### Problem description:
Copy the lines below that contain "software".

### Excerpted data:
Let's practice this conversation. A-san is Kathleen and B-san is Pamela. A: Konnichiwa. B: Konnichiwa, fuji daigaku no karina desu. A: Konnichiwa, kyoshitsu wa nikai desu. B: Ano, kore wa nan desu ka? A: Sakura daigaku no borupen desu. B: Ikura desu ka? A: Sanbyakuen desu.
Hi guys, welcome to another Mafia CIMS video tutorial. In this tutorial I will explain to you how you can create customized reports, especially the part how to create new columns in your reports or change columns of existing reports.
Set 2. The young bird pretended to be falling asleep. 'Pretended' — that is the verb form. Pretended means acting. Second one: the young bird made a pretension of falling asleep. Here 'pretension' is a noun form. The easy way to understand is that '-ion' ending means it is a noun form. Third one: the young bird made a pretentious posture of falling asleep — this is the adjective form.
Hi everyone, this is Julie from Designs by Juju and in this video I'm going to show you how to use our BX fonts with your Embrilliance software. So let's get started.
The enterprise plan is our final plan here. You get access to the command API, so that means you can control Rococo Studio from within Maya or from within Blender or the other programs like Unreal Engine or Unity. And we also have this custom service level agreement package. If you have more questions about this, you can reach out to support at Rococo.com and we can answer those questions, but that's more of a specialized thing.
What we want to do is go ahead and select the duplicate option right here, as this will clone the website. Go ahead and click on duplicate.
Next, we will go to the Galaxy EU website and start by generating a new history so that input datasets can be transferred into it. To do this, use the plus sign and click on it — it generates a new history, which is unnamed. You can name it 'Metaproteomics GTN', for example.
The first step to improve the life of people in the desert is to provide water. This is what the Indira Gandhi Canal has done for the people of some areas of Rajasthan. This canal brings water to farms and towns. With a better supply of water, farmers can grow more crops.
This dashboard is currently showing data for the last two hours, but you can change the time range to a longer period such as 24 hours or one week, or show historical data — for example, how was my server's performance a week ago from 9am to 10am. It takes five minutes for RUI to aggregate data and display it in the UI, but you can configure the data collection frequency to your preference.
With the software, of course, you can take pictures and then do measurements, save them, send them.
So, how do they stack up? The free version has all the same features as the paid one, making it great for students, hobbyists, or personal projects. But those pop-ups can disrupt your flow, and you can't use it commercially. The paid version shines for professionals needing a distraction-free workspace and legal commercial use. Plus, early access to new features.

### Answer for the task:
Hi everyone, this is Julie from Designs by Juju and in this video I'm going to show you how to use our BX fonts with your Embrilliance software. So let's get started.
With the software, of course, you can take pictures and then do measurements, save them, send them.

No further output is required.